Shanghai Turbo Enterprises has regained access to a factory in China owned by a key operating subsidiary with the help of the local authorities, including riot police, following a stand-off that turned violent.

On Wednesday, five people including a Singaporean board member and the subsidiary's chief executive were allegedly assaulted by associates of Mr Liu Ming, the former executive director of the Singapore-listed company.

Two of the men who were purportedly hit with plastic batons by the attackers were Mr Raymond Lim, an independent non-executive director, and Mr Zhang Rong, CEO of its Changzhou 3D Technological Complete Set Equipment subsidiary. The injuries sustained by the five included broken bones, the company noted.

Following the assault, the victims made a report to the local police and to the Singapore Consulate-General in Shanghai.
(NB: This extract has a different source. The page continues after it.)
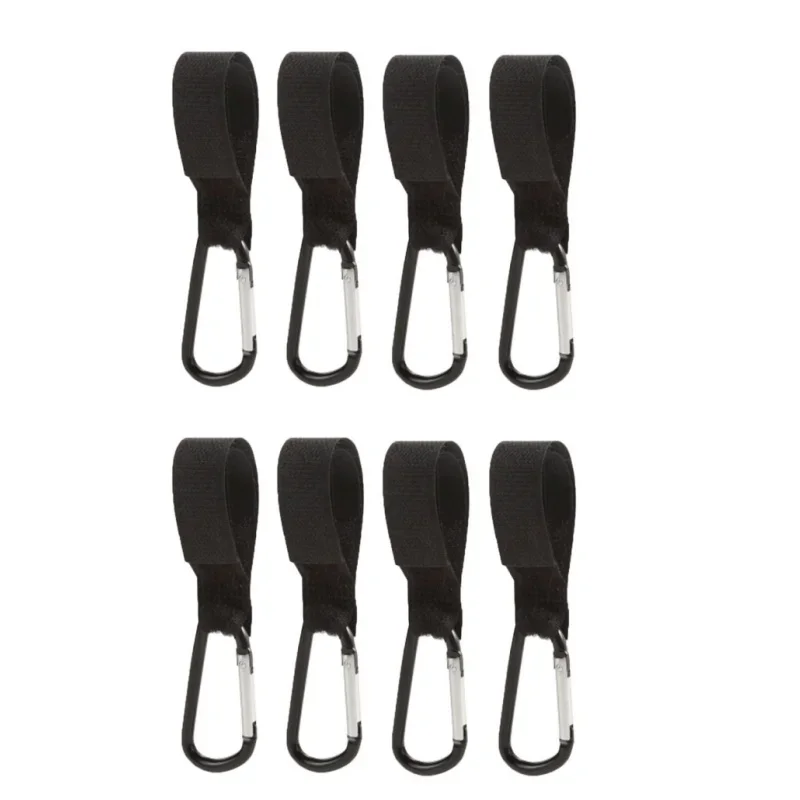 Ensemble de 10 porteclés en nylon et métal attaches universelles pour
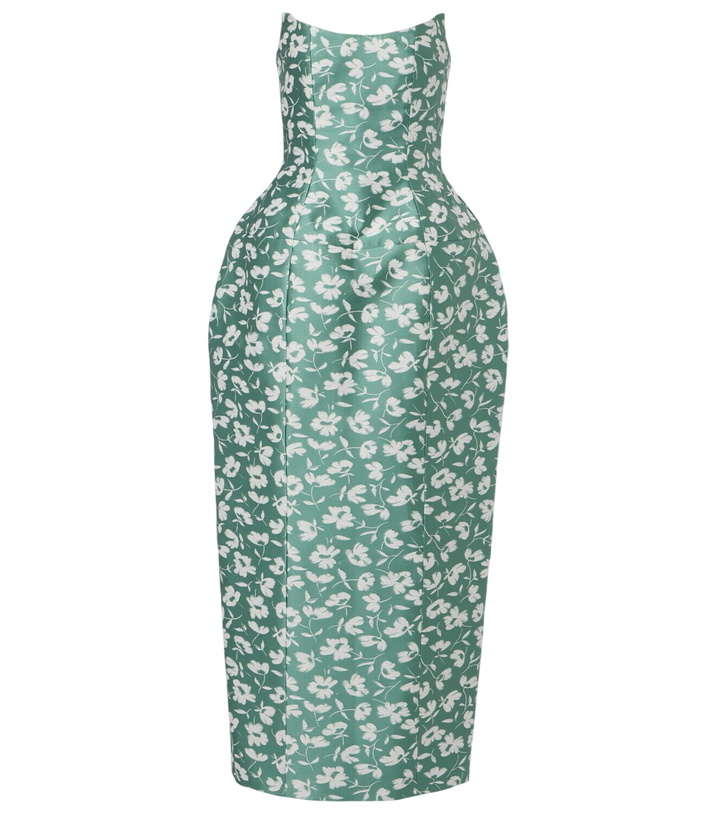 Photo: Markarian Marianne floral brocade corset gown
In an update on Thursday, Shanghai Turbo said that the local government and riot police had quickly intervened to eject the group of former employees and their external accomplices from the factory premises. "The assault incident (was) directly followed by the swift intervention of the local authorities, using riot police to evict the group of trespassers from the factory premises. Local police have arrested several of them," it said in a filing to the Singapore Exchange.

In its statement, Shanghai Turbo said the board was pleased that the impasse, which lasted more than five months, has finally ended.

The management of Changzhou 3D is taking stock of the production machinery and inventory, as well as documentary records. Some 50 employees have also returned to their work stations.

The company will make further announcements to update shareholders on any developments after obtaining access to the business and accounting records and when the losses and damage to the group are ascertained, it added.

The kerfuffle on Wednesday arose after Mr Lim, 67, and his party of four tried to enter the factory, which led to a protracted stand-off between new management and supporters of the old personnel.

Shanghai Turbo said on Monday that it was suing Mr Liu for "failing to deliver up the factory premises", which it had described in July as facing an "illegal occupation... by some of the former management personnel and their associates".

It also said a Singapore High Court has granted an injunction to freeze Mr Liu's Singapore assets.

Shanghai Turbo shares yesterday eased half a cent to close at $1.21.